TV Dinners and Coloring Outside the Parenting Lines

As we stood at my kitchen counter, my friend said, “You ought to write about it. Makes you seem human, you know?”

So, in the spirit of self-disclosure inspired by articles I read recently by parents who admitted their shortcomings, I’m doing the same. One father wrote about missing too many dinners with his family. A fellow pediatrician wrote about what happened when her daughter went to bed with an iPad.

Here’s my confession: Sometimes my kids and I eat dinner in front of the TV.

When I was a kid, I watched very little TV (for many years my mother and I didn’t even have a TV) except when I enjoyed summers with my grandparents. After spending the days outside in the woods or along the river, I was allowed to watch TV at night.
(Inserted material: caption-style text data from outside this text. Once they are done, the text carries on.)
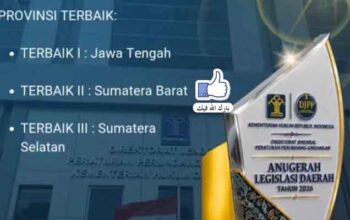 Pemprov Sumbar Raih Terbaik II Anugerah Legislasi Daerah 2026 5 Anugerah Legislasi Daerah 2026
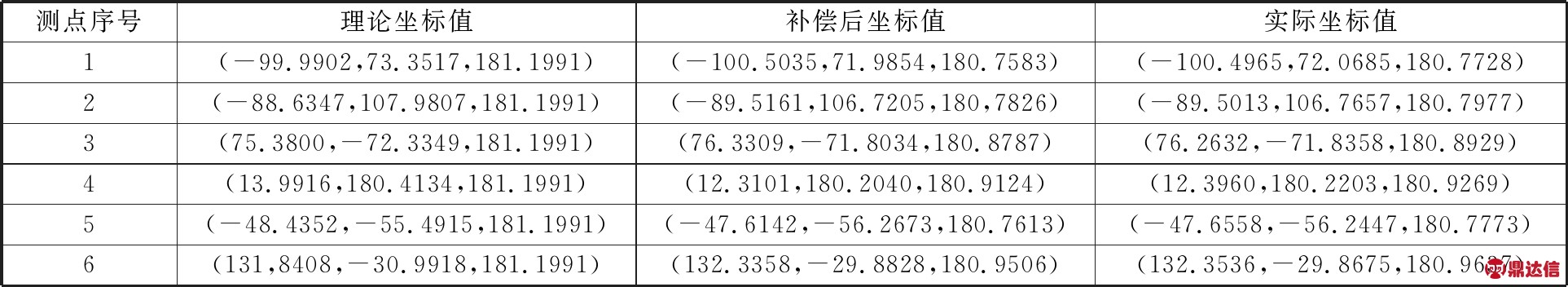 width=198,height=15,dpi=110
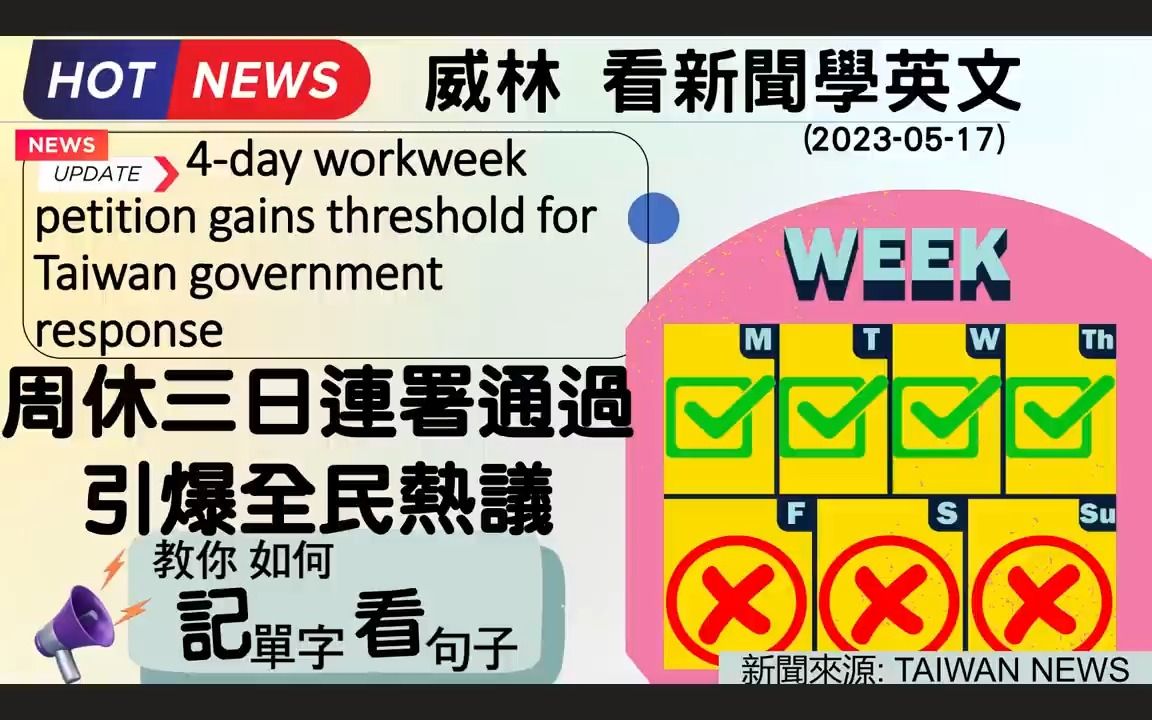 [只要10分钟英文进步这麽多 看新闻学英文] 周休三日连署通过引爆全民热议 (门槛!英文怎麽说) #时事英文 #英文阅读 #英文单字 (2023哔哩哔哩...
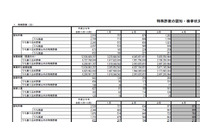 3月の特殊詐欺状況を発表、振り込め詐欺などの被害が急増(警察庁) 画像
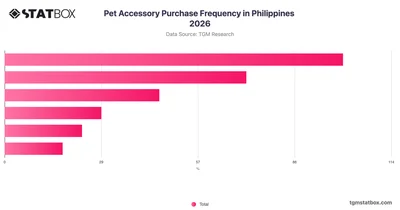 Pet Accessory Purchase Frequency in Philippines 2026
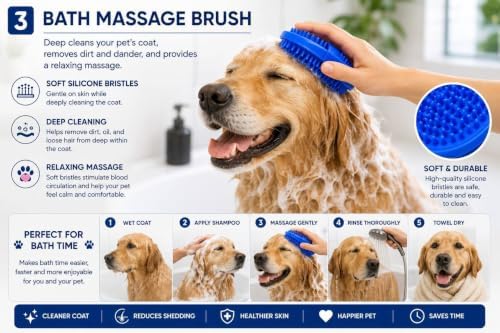 8-Piece Dog Grooming Kit for Dogs & Cats, Pet Grooming Set - Image 5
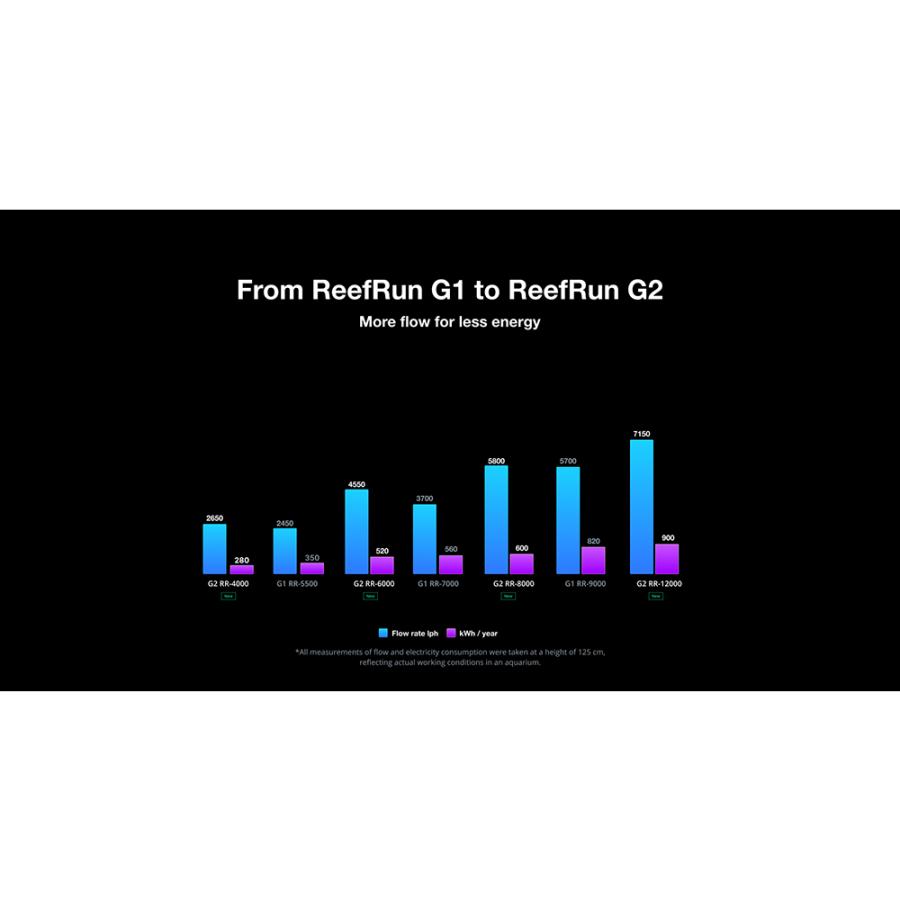 レッドシー　Ｒｅｅｆ　Ｒｕｎ　Ｇ２　１２０００　ＤＣポンプ |  | 03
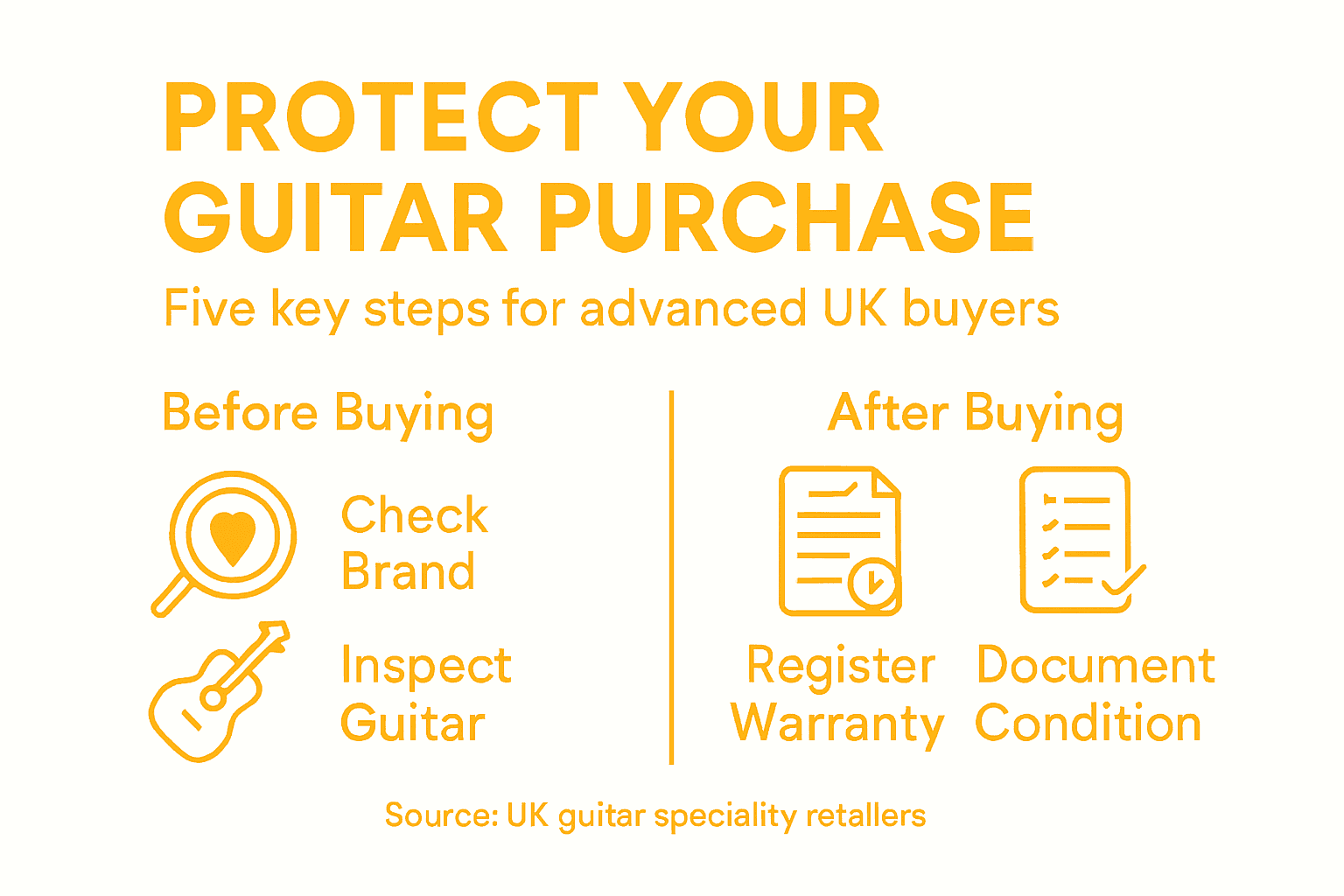 Infographic securing high-end guitar purchases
My grandmother was a well-educated, cultured Southern woman who believed in table manners and personal style (I spent a lot of time walking around with a book on my head for her).
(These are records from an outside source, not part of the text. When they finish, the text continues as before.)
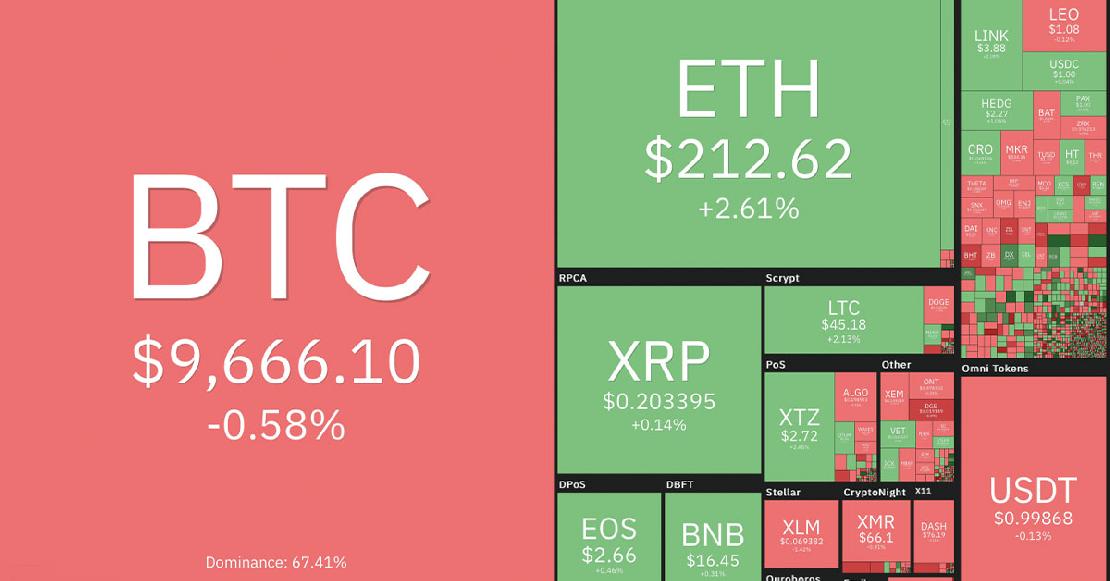 Coin360 bitcoin és kriptopénz árfolyamok 2020. május 18-án.
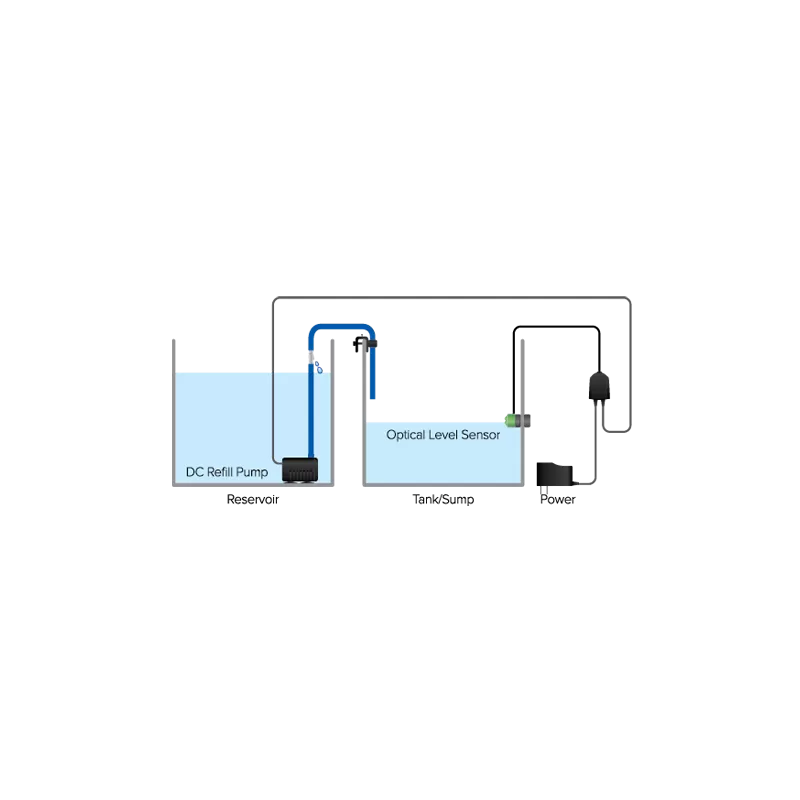 D-D Compact ATO D-D Compact ATO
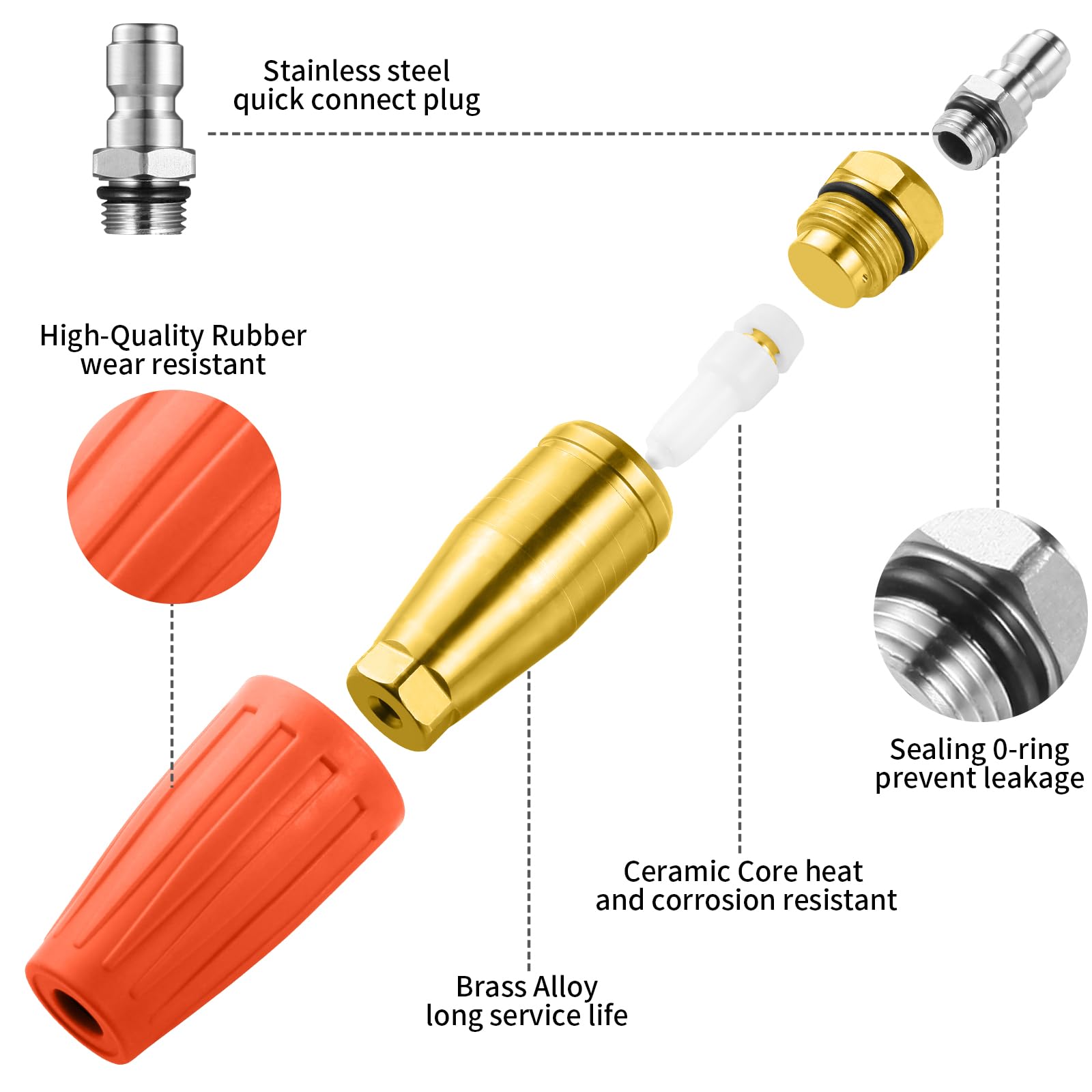 Ugello turbo arancione da 4000 psi, punte per idropulitrice da 1/4", connessione rapida con 7 ugelli per idropulitrice, kit di più gradi (0, 15, 25, 40, 65, risciacquo1, sapone2) per mattoni di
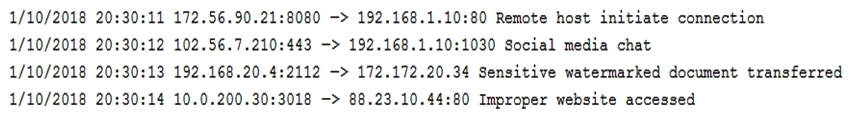 A technician is reviewing the following log: Which of the following tools should the organization implement to reduce the highest risk identified in this log?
So, in retrospect, it surprises me that during those summer vacations we ate nearly every evening in front of the television. We ate our dinner on china, with silver, but – while watching TV. We watched old stuff like Hogan’s Heroes, M*A*S*H, Hee Haw (seriously), The MacNeil/Lehrer Report, Lawrence Welk (they were my grandparents after all!), and The Mary Tyler Moore Show.

Was this wasted time? Were dinners without conversation a loss? I think perhaps not. Instead I remember that what we watched united us through shared references. We had plenty to talk about after the shows were over.

So maybe my friend was right when she told me to stop worrying. The occasional dinner in front of the television without attention to table manners and conversation won’t damage the kids.

As a pediatrician and a member of the American Academy of Pediatrics Council on Communications and Media, I’m passionate about helping parents navigate their family’s use of media in a healthy way. I recommend sitting around a table and talking with your kids for a meal every day. I support the AAP’s recommendations that we turn off screens as much as possible – especially at the dinner table. Dinners eaten together as a family are important to me. Conversation is a priority.

However, parenting is a messy business, and we’re indeed human. Parents need to forgive themselves when they don’t always follow the rules and advice given to them – when they sometimes miss meals, give kids iPads, or eat dinner in front of a screen. Having the TV on isn’t ideal, but perhaps my kids will benefit from my bending the rules occasionally – and not being too hard on myself if I’m not parenting perfectly.

After the show is over, my kids and I usually have some incredible conversations about what we watched. How I Met Your Mother certainly provides loads of teachable moments!